I fine-tuned the PEGASUS model for abstractive Summarization on a virtual environment but the model had some problems so I created a new virtual environment to run the model again but the following error keeps popping

111495 · March 31, 2021, 10:44pm

RuntimeError: CUDA out of memory. Tried to allocate 20.00 MiB (GPU 0; 2.00 GiB total capacity; 1.28 GiB already allocated; 4.55 MiB free; 1.28 GiB reserved in total by PyTorch)
The Script that I run: Pytorch script for fine-tuning Pegasus Large model · GitHub

Note: The batch size in the script is 1 and I ran the following to see more details torch.cuda.memory_summary(device=‘cuda’, abbreviated=False) and this was the output:

ptrblck · April 1, 2021, 6:39am

Could you check, if the GPU is completely empty before running the script via nvidia-smi?
2GB device memory is not a lot, but I assume you were able to run the script with a batch size of one before?
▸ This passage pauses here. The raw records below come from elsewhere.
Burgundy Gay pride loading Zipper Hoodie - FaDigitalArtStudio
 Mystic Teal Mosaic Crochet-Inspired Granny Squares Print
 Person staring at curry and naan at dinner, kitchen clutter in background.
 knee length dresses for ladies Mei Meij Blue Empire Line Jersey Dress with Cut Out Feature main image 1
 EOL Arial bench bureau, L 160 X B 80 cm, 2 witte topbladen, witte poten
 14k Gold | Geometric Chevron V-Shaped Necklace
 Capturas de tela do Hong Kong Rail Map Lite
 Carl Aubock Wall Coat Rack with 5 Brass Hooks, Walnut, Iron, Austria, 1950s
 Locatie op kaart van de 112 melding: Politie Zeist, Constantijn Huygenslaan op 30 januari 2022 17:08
111495 · April 1, 2021, 6:25pm

Yes I was able to run the script once.
I checked the memory before running the script but with these commands:

ptrblck · April 1, 2021, 10:55pm

torch.cuda.memory_summary() will report, what PyTorch is using and not if other processes might also use device memory, so you would have to use e.g. nvidia-smi.

111495 · April 2, 2021, 3:49pm

This is the result of running nvidia-smi.

omarfoq · April 2, 2021, 4:07pm

Hello @111495,

Tt shows that you are using 1.7GB.

I think you executed your script before launchingnvidia-smi, do you confirm that ? If it’s not the case, kill the script that is consuming GPU and run your code.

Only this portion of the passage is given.